…A well-known line from Fiddler on the Roof, and a thought most people turn over in their head at one point or another.
Yesterday, my son was humming this first line of the song, over and over. We were in his kitchen talking about stuff: life, college tuition for his children, what home improvements to do next. In high school, many years ago, he had had a part in his school’s staging of the Broadway musical and the tune was escaping his lips like a reminder of an earlier and more carefree life. Not that he has it too hard right now, or that he’d like it to be any different. No, that’s not the point.
As we got in the car to drive home, night and silence filled the space between my wife and I, and I allowed myself to drift into that esoteric domain where imagination takes over and the dream of boundless wealth becomes eerily tangible, almost reality. As if ready to take off into the starry night, I pressed the accelerator with renewed vigor, changed a few lanes and passed a few fast-moving cars. My wife touched my arm. “Slow down, tiger.”
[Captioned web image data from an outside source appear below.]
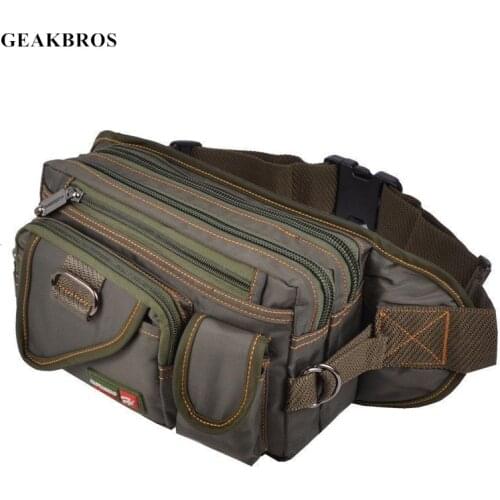Tactical Waist Bag Military Bag Waterproof Climbing Bag Men Women Hunting Fishing Bag Motorcycle Riding Running Waist Packs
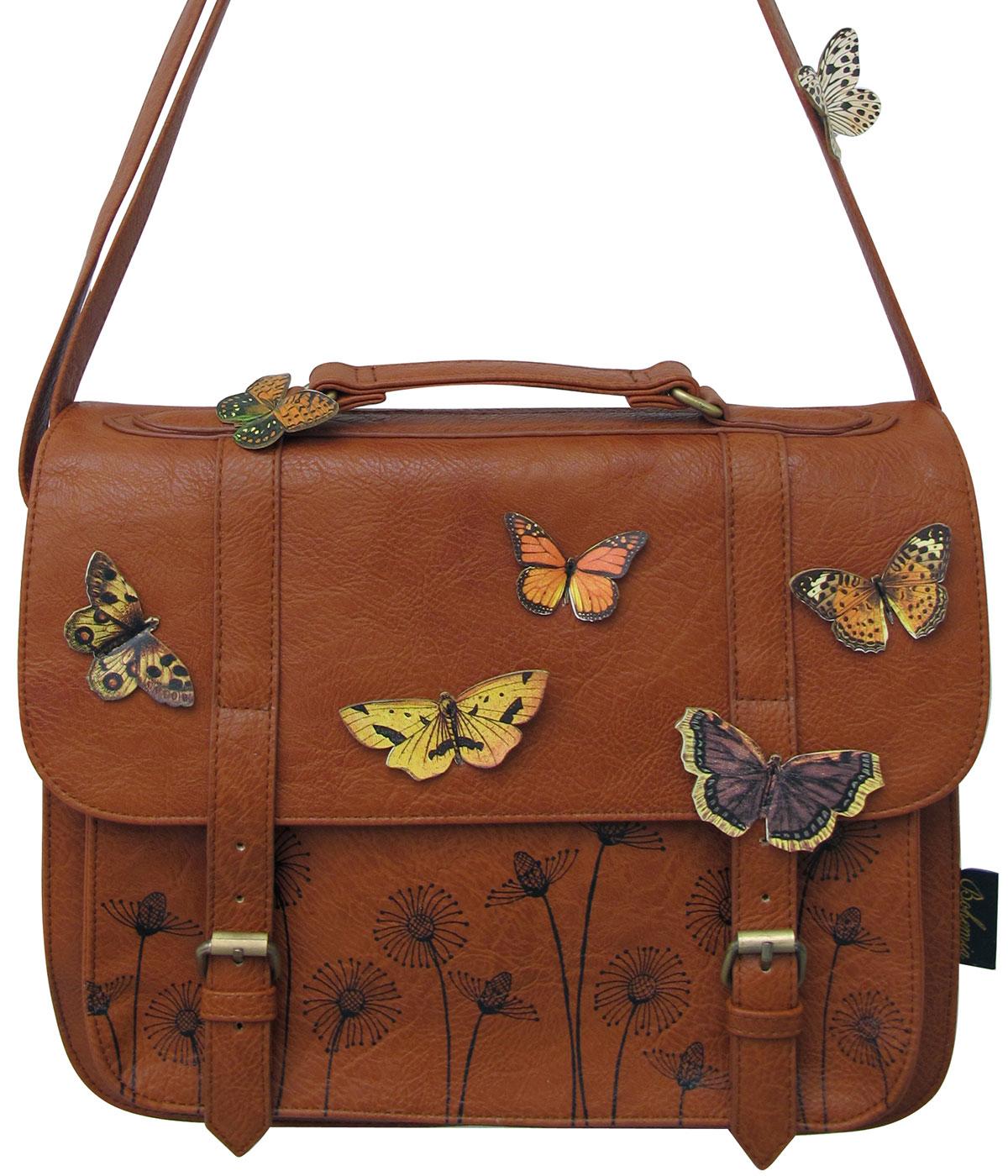 butterfly satchel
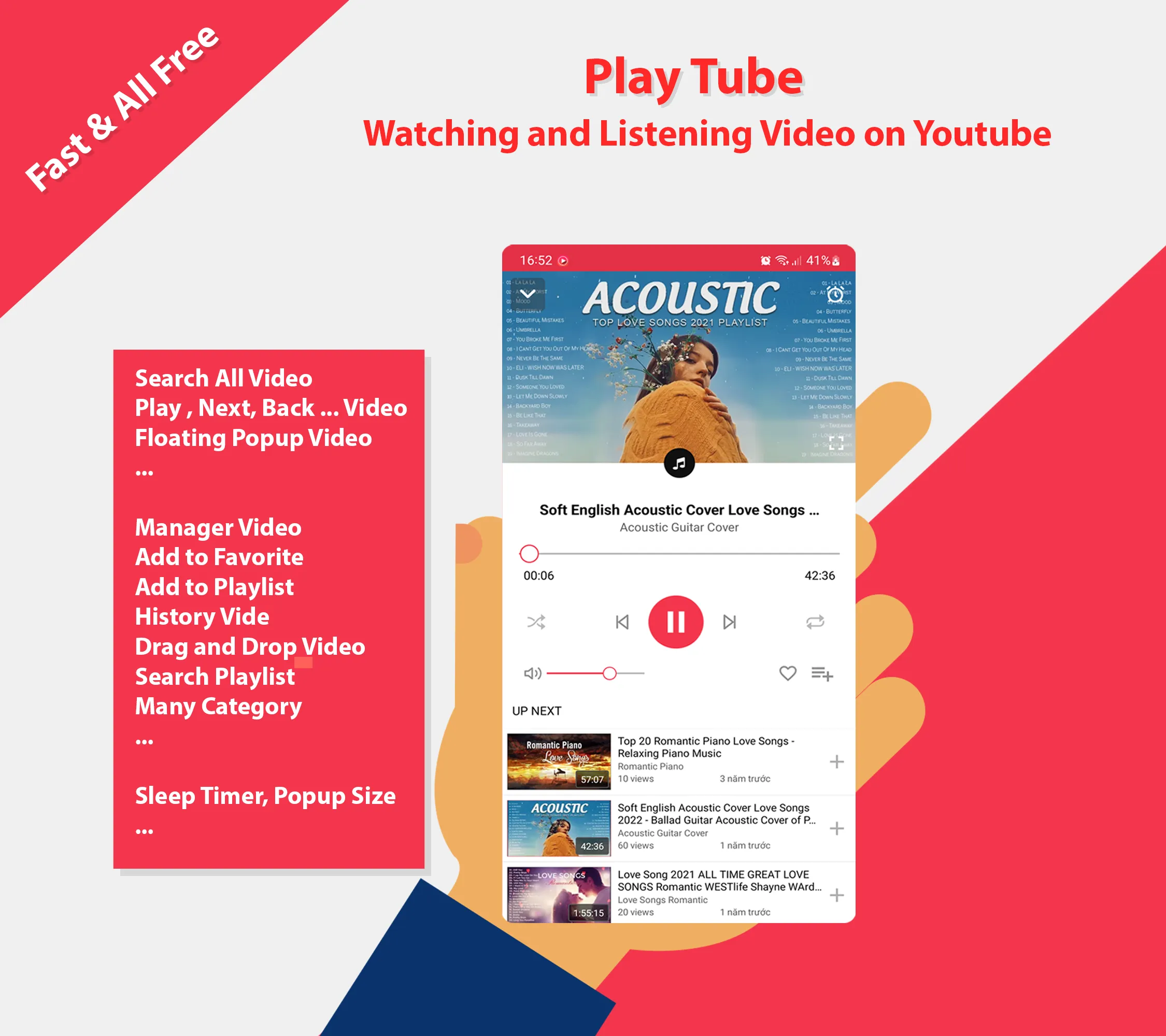 Play Tube | Indus Appstore | Screenshot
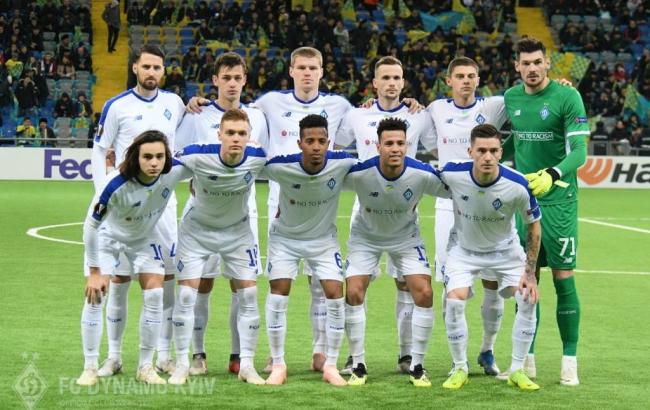 "Динамо" буде сіяним на жеребкуванні плей-офф Ліги Європи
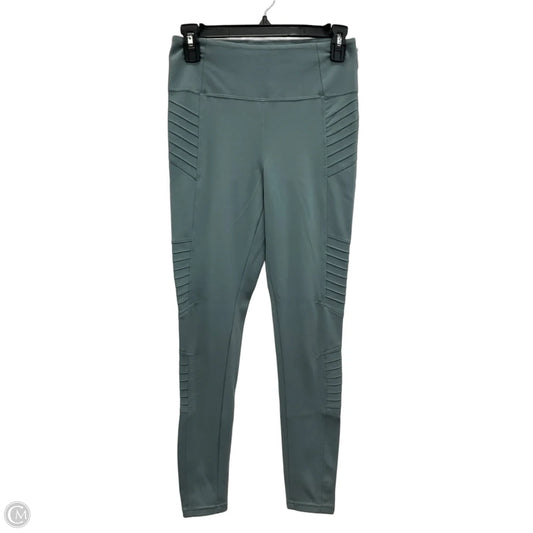 Athletic Leggings By Athleta In Green, Size: S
She was right to stop me. At this point in our lives, we don’t have to hurry anywhere. There is little that unlimited wealth could contribute to make us more content. We’ve been together for forty-five years. We have loving, healthy children and grandchildren. We travel. We have this and that and the other. Our friends respect us for who we are, not for what we have or might have if we were to suddenly win the lottery. I don’t want an ostrich jacket valued a sixteen thousand dollars — to use an example from current events. And I have no interest in shooting elephants in Africa, climbing Kilimanjaro, or sailing the world in a 150 ft private yacht with gilded faucets. I don’t need a castle on the Loire, or a penthouse on Fifth Avenue in New York City — although a place in a decent area of Manhattan would be nice during the Broadway season.
If I were a rich man I might collect art. I might start a charitable organization and join forces with decent super rich people like Gates and Buffet. I might become a democratic donor. I would go to see tennis matches at Wimbledon and Flushing Meadows. For sure, I would buy a renowned publishing house, accept my own novels and promote them vigorously (I’d be convinced they are worthy).
The other day we flew from my daughter’s house in Denver, Colorado (where we helped for a few weeks with their five-month old baby girl, as I wrote in my previous blog) to our condo in San Diego, to spend two weeks with my son and his family. After that we fly back to Maryland, where we live, go see Hamilton at the Kennedy Center, and start preparing for autumn and our October cruise on the Mediterranean. And because of all this flying, there is one thing I would really like to be able to afford, if I were a very rich man.
I would always fly first class, especially internationally. It’s not a lot to ask, if you think about it, and it would make such a difference. Not only are you more comfortable and can sleep during the flight, but you are treated differently. You don’t fight the crowds and you feel like you belong to an elite group of people.
When I started flying, in the early seventies, getting on a plane was considered glamorous. People dressed up to fly. Food and drinks were served on most routes, and I remember a time when bringing home little gin and vodka bottles and tiny packages of salt, pepper and sugar was amusing and still a novelty. The cabin was hardly full, and people in couch had room to relax, stretch out and strike up conversations. But things have changed.
Sitting in coach, I rub shoulders with strangers, smell their onions in the footlong Subway sandwiches and build up my courage to wake up snoring fellow passengers to go to the bathroom, where I wait my turn for minutes on end while the frowning attendant tries to squeeze by me with a tray full of pretzels. Since I am not a midget or a Cirque du Soleil acrobat, I end up with muscle spasms, a frozen neck and swollen legs from the long hours of flying. I land at overcrowded airports that look like Grand Central Station at the end of a holiday weekend, and try to find my bags while hurried travelers hit me with their luggage as they maneuver heavy, look-alike suitcases off the baggage carousel.
A friend of ours, who travels more than I do, dreamed about flying by private jet and be whisked in and out of private airports by his chauffeur driven limo. That would be great, of course, but I don’t think I have to go that far. Traveling business class to Europe and Asia is the top of my ambitions. How nice it would be — refined five course meals, broad arm rests, silk pillow cases, large TV screens, wine and cognac.